• **Goal of the exercise**:
The entries below hold a line with "80's Patchwork Black" and a line with "BUDGET Green Gold". Return those lines and all that lie between them, exactly and only.

• **Material to process**:

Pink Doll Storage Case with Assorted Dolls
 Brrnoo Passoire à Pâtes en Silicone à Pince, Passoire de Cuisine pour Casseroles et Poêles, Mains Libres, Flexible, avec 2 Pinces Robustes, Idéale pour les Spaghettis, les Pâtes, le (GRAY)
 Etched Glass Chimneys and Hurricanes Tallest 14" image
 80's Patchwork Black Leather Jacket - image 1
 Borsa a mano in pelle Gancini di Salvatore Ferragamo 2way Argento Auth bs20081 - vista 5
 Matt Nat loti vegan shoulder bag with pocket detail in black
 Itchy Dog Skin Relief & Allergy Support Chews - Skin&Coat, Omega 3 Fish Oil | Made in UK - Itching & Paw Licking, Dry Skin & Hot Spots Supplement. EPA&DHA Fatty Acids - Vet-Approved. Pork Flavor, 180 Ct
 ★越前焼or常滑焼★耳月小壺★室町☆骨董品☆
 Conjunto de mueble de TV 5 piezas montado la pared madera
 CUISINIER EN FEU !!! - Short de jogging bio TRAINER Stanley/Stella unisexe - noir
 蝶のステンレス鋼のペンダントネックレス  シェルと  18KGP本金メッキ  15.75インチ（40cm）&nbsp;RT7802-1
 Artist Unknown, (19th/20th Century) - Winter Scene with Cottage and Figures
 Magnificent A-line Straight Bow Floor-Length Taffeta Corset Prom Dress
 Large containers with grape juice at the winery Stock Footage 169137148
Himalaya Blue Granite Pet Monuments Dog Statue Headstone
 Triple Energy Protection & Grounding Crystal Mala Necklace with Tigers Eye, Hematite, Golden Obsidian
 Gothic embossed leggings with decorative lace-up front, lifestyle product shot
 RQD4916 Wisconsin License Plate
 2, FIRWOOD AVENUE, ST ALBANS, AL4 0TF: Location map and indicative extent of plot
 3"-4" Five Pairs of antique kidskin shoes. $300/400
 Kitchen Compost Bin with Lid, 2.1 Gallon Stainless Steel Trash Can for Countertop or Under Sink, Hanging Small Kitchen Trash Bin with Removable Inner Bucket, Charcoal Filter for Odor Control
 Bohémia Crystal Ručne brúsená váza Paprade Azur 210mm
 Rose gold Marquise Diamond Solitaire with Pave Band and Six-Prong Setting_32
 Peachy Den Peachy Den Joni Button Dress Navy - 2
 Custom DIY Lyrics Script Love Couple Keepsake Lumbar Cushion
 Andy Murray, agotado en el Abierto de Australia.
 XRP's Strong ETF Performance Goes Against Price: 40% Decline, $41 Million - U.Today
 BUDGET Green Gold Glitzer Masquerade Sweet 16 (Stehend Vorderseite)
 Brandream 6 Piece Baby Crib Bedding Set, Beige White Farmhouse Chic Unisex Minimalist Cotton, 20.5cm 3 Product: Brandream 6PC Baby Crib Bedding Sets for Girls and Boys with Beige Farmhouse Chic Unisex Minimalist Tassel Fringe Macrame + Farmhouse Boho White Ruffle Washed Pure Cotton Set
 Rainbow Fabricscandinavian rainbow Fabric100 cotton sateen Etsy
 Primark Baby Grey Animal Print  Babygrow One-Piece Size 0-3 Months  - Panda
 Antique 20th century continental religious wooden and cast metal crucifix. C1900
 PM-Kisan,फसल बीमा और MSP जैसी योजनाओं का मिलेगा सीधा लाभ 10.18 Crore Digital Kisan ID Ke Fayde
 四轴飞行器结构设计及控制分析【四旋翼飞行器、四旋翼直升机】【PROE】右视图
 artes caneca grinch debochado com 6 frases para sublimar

• **Solved exercise**:
 80's Patchwork Black Leather Jacket - image 1
 Borsa a mano in pelle Gancini di Salvatore Ferragamo 2way Argento Auth bs20081 - vista 5
 Matt Nat loti vegan shoulder bag with pocket detail in black
 Itchy Dog Skin Relief & Allergy Support Chews - Skin&Coat, Omega 3 Fish Oil | Made in UK - Itching & Paw Licking, Dry Skin & Hot Spots Supplement. EPA&DHA Fatty Acids - Vet-Approved. Pork Flavor, 180 Ct
 ★越前焼or常滑焼★耳月小壺★室町☆骨董品☆
 Conjunto de mueble de TV 5 piezas montado la pared madera
 CUISINIER EN FEU !!! - Short de jogging bio TRAINER Stanley/Stella unisexe - noir
 蝶のステンレス鋼のペンダントネックレス  シェルと  18KGP本金メッキ  15.75インチ（40cm）&nbsp;RT7802-1
 Artist Unknown, (19th/20th Century) - Winter Scene with Cottage and Figures
 Magnificent A-line Straight Bow Floor-Length Taffeta Corset Prom Dress
 Large containers with grape juice at the winery Stock Footage 169137148
Himalaya Blue Granite Pet Monuments Dog Statue Headstone
 Triple Energy Protection & Grounding Crystal Mala Necklace with Tigers Eye, Hematite, Golden Obsidian
 Gothic embossed leggings with decorative lace-up front, lifestyle product shot
 RQD4916 Wisconsin License Plate
 2, FIRWOOD AVENUE, ST ALBANS, AL4 0TF: Location map and indicative extent of plot
 3"-4" Five Pairs of antique kidskin shoes. $300/400
 Kitchen Compost Bin with Lid, 2.1 Gallon Stainless Steel Trash Can for Countertop or Under Sink, Hanging Small Kitchen Trash Bin with Removable Inner Bucket, Charcoal Filter for Odor Control
 Bohémia Crystal Ručne brúsená váza Paprade Azur 210mm
 Rose gold Marquise Diamond Solitaire with Pave Band and Six-Prong Setting_32
 Peachy Den Peachy Den Joni Button Dress Navy - 2
 Custom DIY Lyrics Script Love Couple Keepsake Lumbar Cushion
 Andy Murray, agotado en el Abierto de Australia.
 XRP's Strong ETF Performance Goes Against Price: 40% Decline, $41 Million - U.Today
 BUDGET Green Gold Glitzer Masquerade Sweet 16 (Stehend Vorderseite)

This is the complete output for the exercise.